The chutzpah with which the Tory right – the very people who had pioneered austerity, damaging jobs, services and communities – blamed immigrants for the lack of resources was breathtaking. The mendacity with which a section of the press fanned those flames was nauseating. The pusillanimity of the remain campaign’s failure to counter these claims was indefensible.

Not everyone, or even most, of the people who voted leave were driven by racism. But the leave campaign imbued racists with a confidence they have not enjoyed for many decades and poured arsenic into the water supply of our national conversation.

In this atmosphere of racial animus and class contempt, political dislocation and electoral opportunism, the space for the arguments we need to have about immigration, democracy, and austerity simply did not exist. Our politics failed us. And since it is our politics only we can fix it.

I see this same dynamic playing out here in the US. The almost-successful Sanders campaign tells us there’s a huge part of the electorate that wants change from politics as usual, and yet the Democrats have anointed a moderate conservative, status quo candidate. Will Clinton actually respond to that productively? Will she make changes in party policy that will appeal to that broad swathe of the country that wants a more progressive government? She could end up the David Cameron of America.

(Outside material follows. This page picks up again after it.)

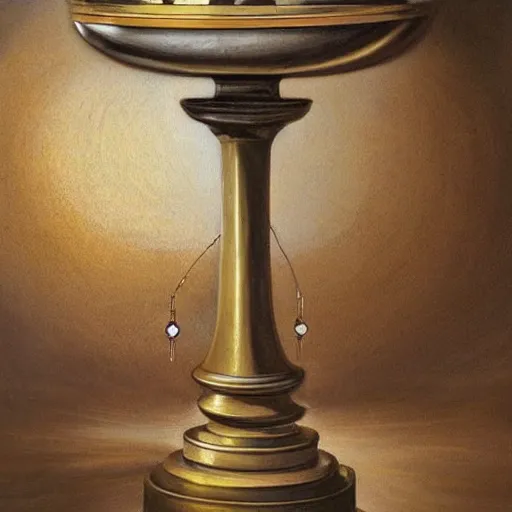 Image similar to in the center lays an ancient chromed artifact in the shape of a heavy ring seen from across the room, ornate with gentle shine from within. the ring lays on display on top of a marbled pedestal. the pedestal is in front of a dark misty balcony at night. beautiful lighting. dark moody fantasy art, realistic still life renaissance pastel painting.
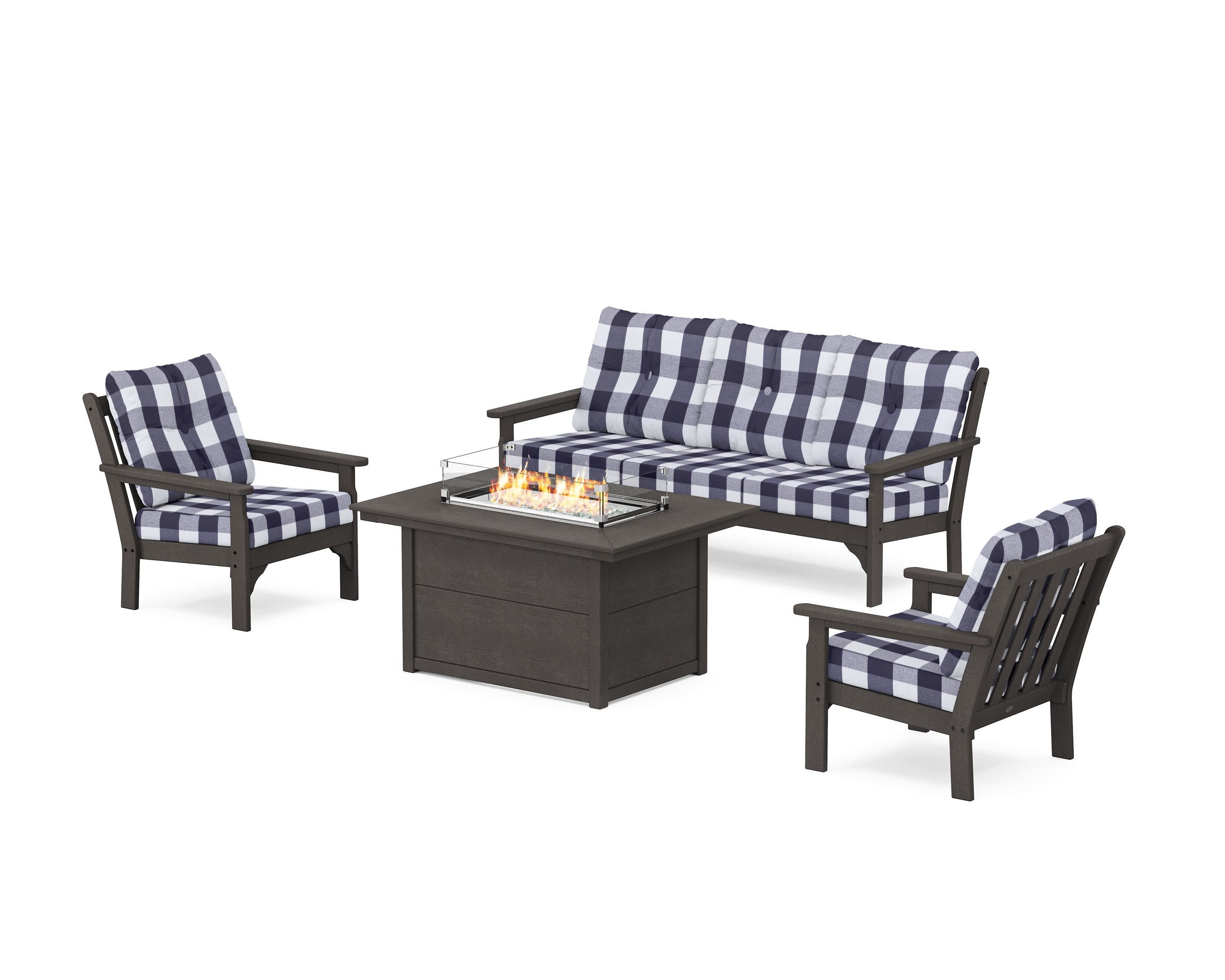 Vineyard Deep Seating Fire Pit Table Set in Vintage Coffee / Buffalo Plaid Navy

Younge’s description above also fits the Trump campaign. The know-nothings are always a force to be reckoned with in this country, and if Brexit could win, could Trump rally the same forces to win here? That’s possible (but unlikely, we say, although everyone was saying Brexit was unlikely, too), but one way it could happen is if the Democrats try to take an uninspiring middle course.

What do I mean, “if”? The Democrats always take the path of trying to avoid offending anyone, and thereby end up pissing everyone off.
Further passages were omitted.